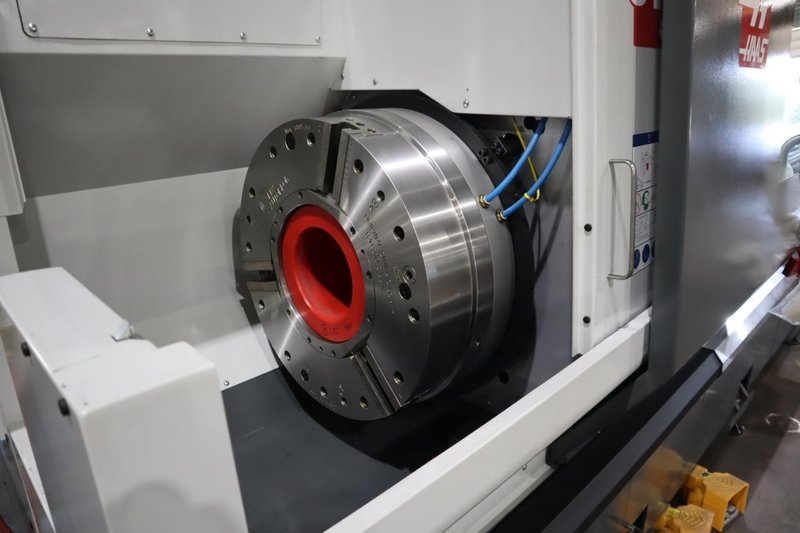 Haas ST-55 CNC Lathe Turning Center, 12.5" Hole, 12 Station Turret, Tailstock, (2) 26" Chucks, 1,000 PSI Coolant - NEW 2023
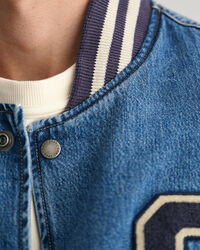 Denim GANT Varsity Jacket
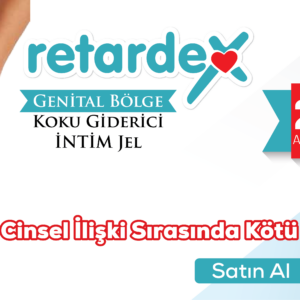 RETARDEX Genital Bölge Koku Giderici İntim Jel 100ml. (pH 4.2)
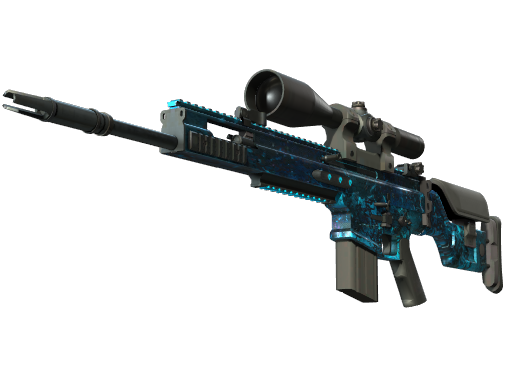 StatTrak™ SCAR-20 | Grotto (Minimal Wear)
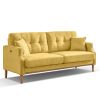 Living Space sofa 3 seater With Waterproof Fabric ; USB Charge port
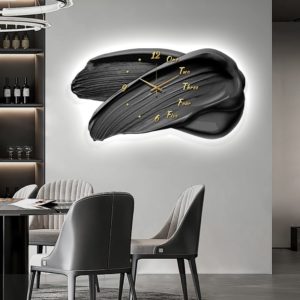 Đồng Hồ Treo Tường Nghệ Thuật Bút Họa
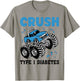 Crush Type 1 Diabetes Awareness T1D Warrior Monster Truck T-Shirt - T-Shirt | Sand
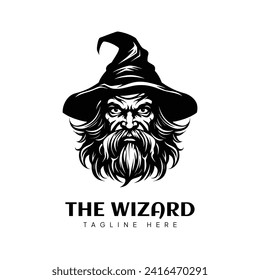 Creative Wizard Warlock Vector Illustration Logo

◆ Aim of the exercise:
Leave every picture out and write out, word for word, the lines from the one that contains "Đồng Hồ Treo Tường Nghệ Thuật Bút Họa" through the last line of the records.

◆ Task output:
 Đồng Hồ Treo Tường Nghệ Thuật Bút Họa
 Crush Type 1 Diabetes Awareness T1D Warrior Monster Truck T-Shirt - T-Shirt | Sand
 Creative Wizard Warlock Vector Illustration Logo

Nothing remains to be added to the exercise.